I got a ton of clear ideas for advice for you when I read your post and thought on it as I read the rest of the replies.

I want to write something full in content and drive for you, but unfortunately I'm a little strapped for time & energy at the moment: I will do my best to give you a little "abstract" for what a full letter of mine may entail for thee. A little preview, of what I intend for you. May it be of any ease at all, for your struggling soul, in this unimaginable predicament you find yourself in ♥.



You are not the same agency who did those things. Your consciousness was overpoured with strong chemicals and many influences, resulting in a conscious state that is so wildly different from the you who wrote this that it is reasonable enough to regard it as a different agency.

If you overloaded my bloodstream right now with PCP and meth and cocaine, or whichever other drugs that severely alter human personality and behavior,· I would probably not act too cool.

I feel mean... I feel O.K.
I'm charged up... Electricity

Drugs, Talking Heads

Your situation is where you fell into a severely altered state of consciousness, that ended up executing various actions of great distraughtness to your self now.

This is a rather interesting dilemma—one could debate philosophically at length whether you were to blame or not. The very fact that such ambiguity exists and is present in this case is telling.

What more is there to account for? You already swore off drinking, and felt remorse for what happened.

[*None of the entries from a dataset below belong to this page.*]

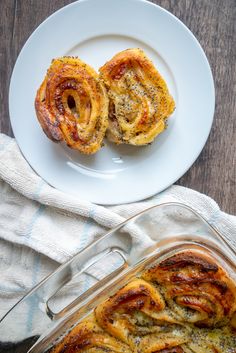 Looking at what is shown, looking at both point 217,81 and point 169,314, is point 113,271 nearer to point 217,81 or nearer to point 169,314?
point 169,314

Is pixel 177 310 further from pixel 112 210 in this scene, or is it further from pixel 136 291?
pixel 112 210

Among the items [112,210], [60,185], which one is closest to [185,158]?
[112,210]

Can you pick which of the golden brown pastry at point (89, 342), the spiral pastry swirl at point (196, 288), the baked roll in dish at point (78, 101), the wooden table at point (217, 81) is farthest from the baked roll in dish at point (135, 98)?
the golden brown pastry at point (89, 342)

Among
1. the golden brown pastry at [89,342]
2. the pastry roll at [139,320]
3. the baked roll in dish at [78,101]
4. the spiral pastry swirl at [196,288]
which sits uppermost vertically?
the baked roll in dish at [78,101]

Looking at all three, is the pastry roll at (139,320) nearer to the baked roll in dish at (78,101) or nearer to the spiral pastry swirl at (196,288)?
the spiral pastry swirl at (196,288)

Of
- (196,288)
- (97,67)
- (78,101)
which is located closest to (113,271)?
(196,288)

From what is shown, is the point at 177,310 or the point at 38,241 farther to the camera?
the point at 38,241

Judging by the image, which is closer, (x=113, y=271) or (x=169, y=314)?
(x=169, y=314) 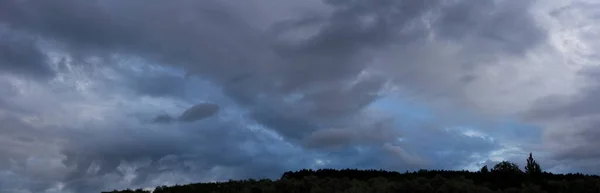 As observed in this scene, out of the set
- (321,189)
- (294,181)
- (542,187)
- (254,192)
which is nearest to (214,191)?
(254,192)

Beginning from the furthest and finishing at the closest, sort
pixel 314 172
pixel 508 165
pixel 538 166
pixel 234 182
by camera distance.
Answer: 1. pixel 508 165
2. pixel 538 166
3. pixel 314 172
4. pixel 234 182

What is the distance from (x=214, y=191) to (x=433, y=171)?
9.80 metres

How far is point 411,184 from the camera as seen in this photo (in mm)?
19188

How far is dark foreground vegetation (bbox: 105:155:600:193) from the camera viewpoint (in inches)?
738

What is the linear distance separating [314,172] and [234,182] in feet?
16.1

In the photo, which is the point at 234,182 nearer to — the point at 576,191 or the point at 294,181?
the point at 294,181

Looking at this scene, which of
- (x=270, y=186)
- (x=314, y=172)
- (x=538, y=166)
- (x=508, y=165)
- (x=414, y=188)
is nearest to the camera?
(x=414, y=188)

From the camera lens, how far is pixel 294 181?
2295 cm

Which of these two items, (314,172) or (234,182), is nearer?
(234,182)

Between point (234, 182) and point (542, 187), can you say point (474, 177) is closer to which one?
point (542, 187)

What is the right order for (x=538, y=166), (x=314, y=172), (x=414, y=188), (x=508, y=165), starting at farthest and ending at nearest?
(x=508, y=165) → (x=538, y=166) → (x=314, y=172) → (x=414, y=188)

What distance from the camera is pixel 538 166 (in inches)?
1281

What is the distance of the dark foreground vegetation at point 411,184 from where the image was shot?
1875cm

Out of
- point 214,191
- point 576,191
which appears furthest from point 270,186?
point 576,191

One could analogy your case with someone who suffers schizophrenia or psychosis enduring a psychotic breakdown or similar extreme episode, resulting in painfully regrettable aftermath for the person themself. Imagine this was their first breakdown. And that after the episode, they pledged to always take medication, and to never miss their dose; for the sake of themself, and their loved ones. Are they then to be blamed after the fact, when they truly lost control, and are now doing everything they can to protect themselves and others? When they have taken moral responsibility for what happened, even when their agency was snatched from them, by chemical factors overpowering their usual systems of sanity? I think such a person is not completely worthy of unceasing blame and indictment, but ought to be recognized for the peril in which their debacle took place, to have the facts behind their episode laid clear. The facts are these: They would never have acted such, in their healthy and sane state of mind. Their actions took place in a dilapidated state of consciousness, where their moral sensitivities and capacity for both conscientiousness and self-control, were absolutely intoxicated, wounded. You were wounded, you know that? We would not blame a wounded animal for lashing out, even if it were against its caretaker—why should we not extend this very same compassions to our very fellow humans, who share much in common with pure intentions amongst animals?

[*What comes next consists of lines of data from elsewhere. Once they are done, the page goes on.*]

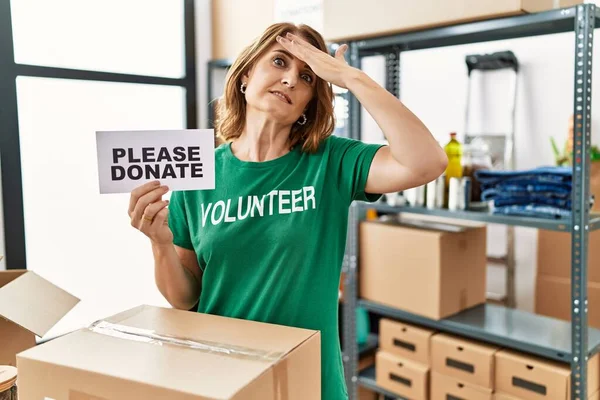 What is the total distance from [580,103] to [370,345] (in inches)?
57.7

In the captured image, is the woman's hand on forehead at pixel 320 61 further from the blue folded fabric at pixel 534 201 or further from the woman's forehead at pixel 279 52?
the blue folded fabric at pixel 534 201

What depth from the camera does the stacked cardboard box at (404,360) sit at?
221cm

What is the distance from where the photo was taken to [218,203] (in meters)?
→ 1.16

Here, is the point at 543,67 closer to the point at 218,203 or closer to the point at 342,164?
the point at 342,164

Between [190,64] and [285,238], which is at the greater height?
[190,64]

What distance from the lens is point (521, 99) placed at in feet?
8.56

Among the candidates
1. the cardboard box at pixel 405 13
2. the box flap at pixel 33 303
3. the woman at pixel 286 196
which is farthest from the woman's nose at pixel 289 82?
the cardboard box at pixel 405 13

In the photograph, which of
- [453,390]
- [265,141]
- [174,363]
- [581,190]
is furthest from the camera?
[453,390]

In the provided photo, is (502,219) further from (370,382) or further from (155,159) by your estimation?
(155,159)

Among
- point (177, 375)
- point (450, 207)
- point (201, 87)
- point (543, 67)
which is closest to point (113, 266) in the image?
point (201, 87)

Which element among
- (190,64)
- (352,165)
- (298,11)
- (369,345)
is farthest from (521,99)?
(352,165)

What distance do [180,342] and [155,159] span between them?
0.35 metres

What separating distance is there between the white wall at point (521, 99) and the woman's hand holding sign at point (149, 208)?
2059 mm

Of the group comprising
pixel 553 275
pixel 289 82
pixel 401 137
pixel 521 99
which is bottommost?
pixel 553 275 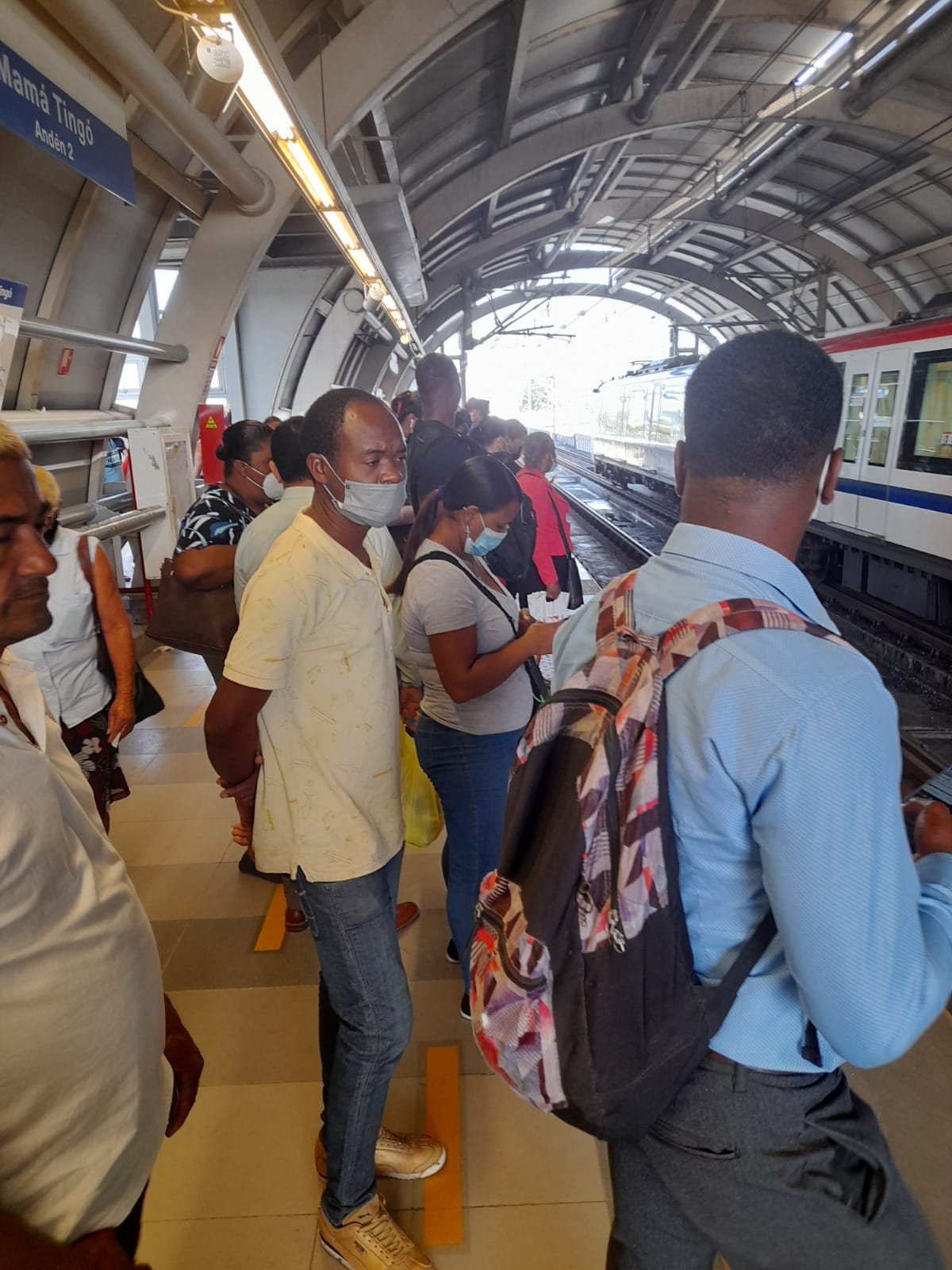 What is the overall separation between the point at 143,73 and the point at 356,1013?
4.07m

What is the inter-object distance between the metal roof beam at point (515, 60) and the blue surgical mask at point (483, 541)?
657 centimetres

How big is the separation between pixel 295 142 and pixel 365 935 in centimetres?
372

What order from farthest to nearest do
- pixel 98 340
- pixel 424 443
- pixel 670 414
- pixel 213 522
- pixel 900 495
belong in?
pixel 670 414, pixel 900 495, pixel 98 340, pixel 424 443, pixel 213 522

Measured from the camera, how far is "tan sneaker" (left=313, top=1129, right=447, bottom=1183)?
85.8 inches

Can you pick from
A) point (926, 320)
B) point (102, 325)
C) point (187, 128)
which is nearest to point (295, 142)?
point (187, 128)

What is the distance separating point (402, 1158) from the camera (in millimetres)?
2184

You feel horrified at the victimhood and aftermath that has affected your friends and contemporaries. You are a victim too. Your victimhood is different, and not in the slightest any less severe. You bear a difficult weight—the weight of actions you did not intend, the wright of being expected to account for actions you had no idea were taking place.

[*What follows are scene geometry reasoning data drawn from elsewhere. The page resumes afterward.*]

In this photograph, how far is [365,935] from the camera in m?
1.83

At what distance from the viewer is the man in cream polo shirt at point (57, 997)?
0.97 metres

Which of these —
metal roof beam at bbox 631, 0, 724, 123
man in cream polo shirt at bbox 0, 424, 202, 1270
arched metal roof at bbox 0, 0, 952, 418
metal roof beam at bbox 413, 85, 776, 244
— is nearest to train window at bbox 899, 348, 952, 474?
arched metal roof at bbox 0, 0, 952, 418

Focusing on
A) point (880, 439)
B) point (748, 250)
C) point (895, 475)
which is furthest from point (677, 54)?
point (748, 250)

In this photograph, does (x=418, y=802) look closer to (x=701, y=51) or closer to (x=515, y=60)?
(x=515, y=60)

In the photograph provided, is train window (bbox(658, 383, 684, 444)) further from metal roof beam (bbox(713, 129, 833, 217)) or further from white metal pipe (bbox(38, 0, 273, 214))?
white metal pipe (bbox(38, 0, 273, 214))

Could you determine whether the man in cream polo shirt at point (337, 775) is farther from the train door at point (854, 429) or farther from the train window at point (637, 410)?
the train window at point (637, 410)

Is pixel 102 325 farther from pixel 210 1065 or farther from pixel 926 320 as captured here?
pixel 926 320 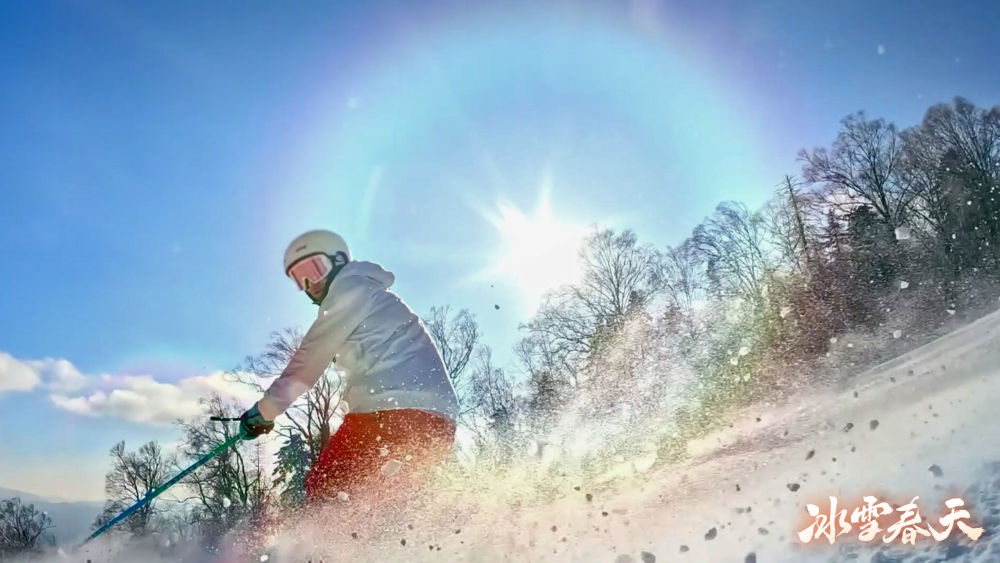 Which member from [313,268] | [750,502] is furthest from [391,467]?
[750,502]

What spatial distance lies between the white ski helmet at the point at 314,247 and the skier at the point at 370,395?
0.87 ft

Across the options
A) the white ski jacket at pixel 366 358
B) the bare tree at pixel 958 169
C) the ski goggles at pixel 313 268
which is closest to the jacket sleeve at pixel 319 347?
the white ski jacket at pixel 366 358

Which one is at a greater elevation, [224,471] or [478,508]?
[224,471]

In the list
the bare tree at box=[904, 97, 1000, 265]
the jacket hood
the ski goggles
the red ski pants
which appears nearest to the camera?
the red ski pants

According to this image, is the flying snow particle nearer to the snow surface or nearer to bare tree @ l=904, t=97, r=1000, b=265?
the snow surface

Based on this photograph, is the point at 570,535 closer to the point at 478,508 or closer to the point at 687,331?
the point at 478,508

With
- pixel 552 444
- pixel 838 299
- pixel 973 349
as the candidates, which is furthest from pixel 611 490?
pixel 838 299

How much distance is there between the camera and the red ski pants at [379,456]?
11.1ft

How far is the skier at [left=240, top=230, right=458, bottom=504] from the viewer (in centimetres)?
340

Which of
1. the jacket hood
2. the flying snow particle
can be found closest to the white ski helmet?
the jacket hood

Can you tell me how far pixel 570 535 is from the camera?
145 inches

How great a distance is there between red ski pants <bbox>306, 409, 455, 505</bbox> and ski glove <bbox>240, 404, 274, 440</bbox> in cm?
40

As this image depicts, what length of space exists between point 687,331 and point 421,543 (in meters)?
15.0

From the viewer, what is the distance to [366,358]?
3.53m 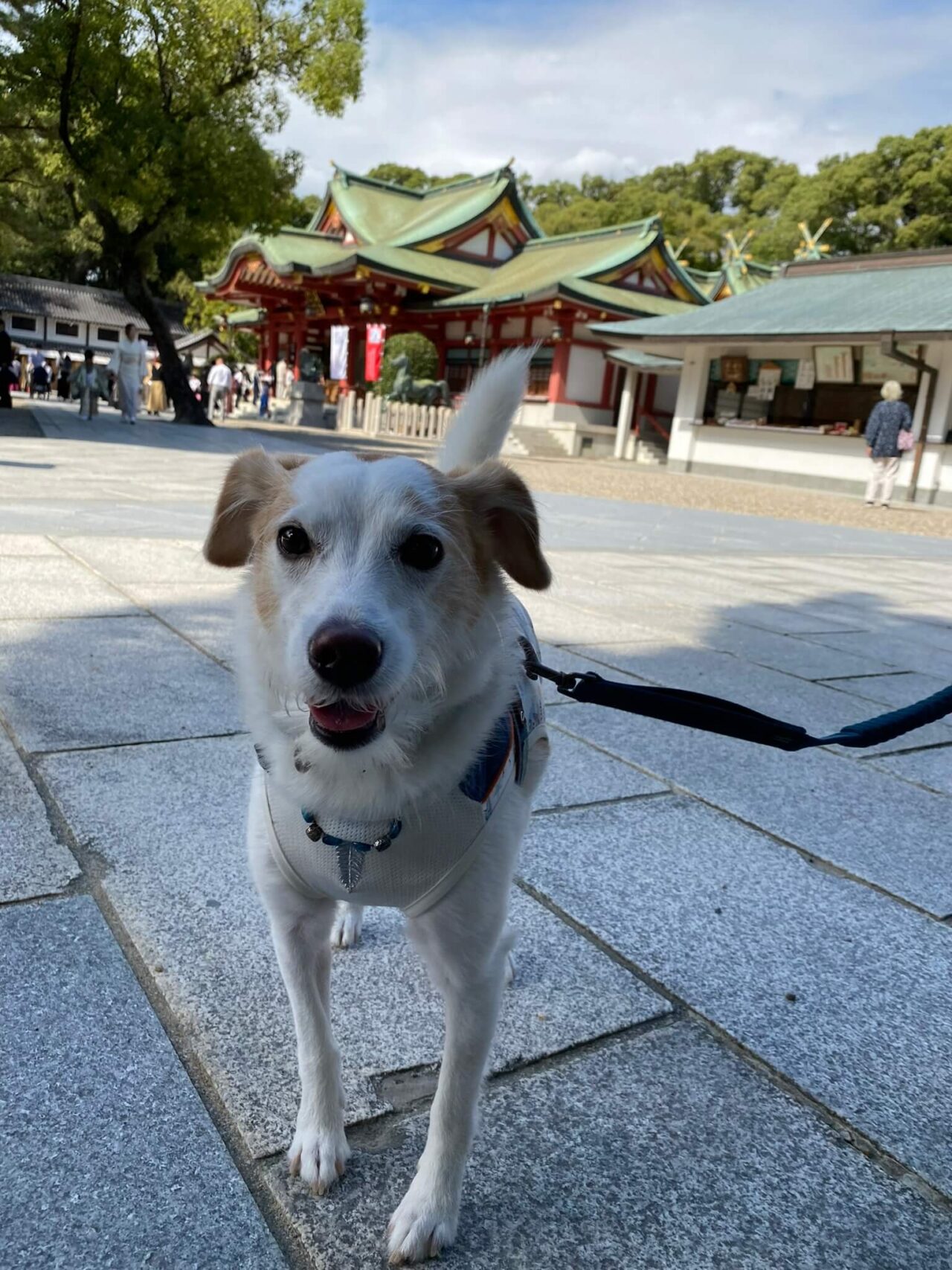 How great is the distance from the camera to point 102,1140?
1593 millimetres

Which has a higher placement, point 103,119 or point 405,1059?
point 103,119

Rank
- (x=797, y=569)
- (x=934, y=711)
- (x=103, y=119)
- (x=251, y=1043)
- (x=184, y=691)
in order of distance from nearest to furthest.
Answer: (x=251, y=1043) → (x=934, y=711) → (x=184, y=691) → (x=797, y=569) → (x=103, y=119)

Consciousness is influenced by chemicals. Many assume that selfhood is simple, but it is complex. Your shock and dissonance you experience here may be analogous to the shock that some people experience when their loved ones go from being lovely to awful after intaking intoxicants: It's an unwelcome surprise, the severe effects chemical alterances can have on a person's demeanor. But in this case, it is all the more horrifying, because you grapple the moral horror of hearing from outside accounts actions that occurred in your own body. But they were not done in your own mind. Not the mind you live with right now. Not the mjnd that you wrote this with. Not the mind that hesrd the news. Not the mind that regrets what happened. It's not the same mind. It's not the same agency. It's such an extreme difference between those two mnds, they act in such a radical contrast, that it is only practical to regard them morally as anything but the same agent. This you right now, you, @hereandthere13, are not to blame for what happened.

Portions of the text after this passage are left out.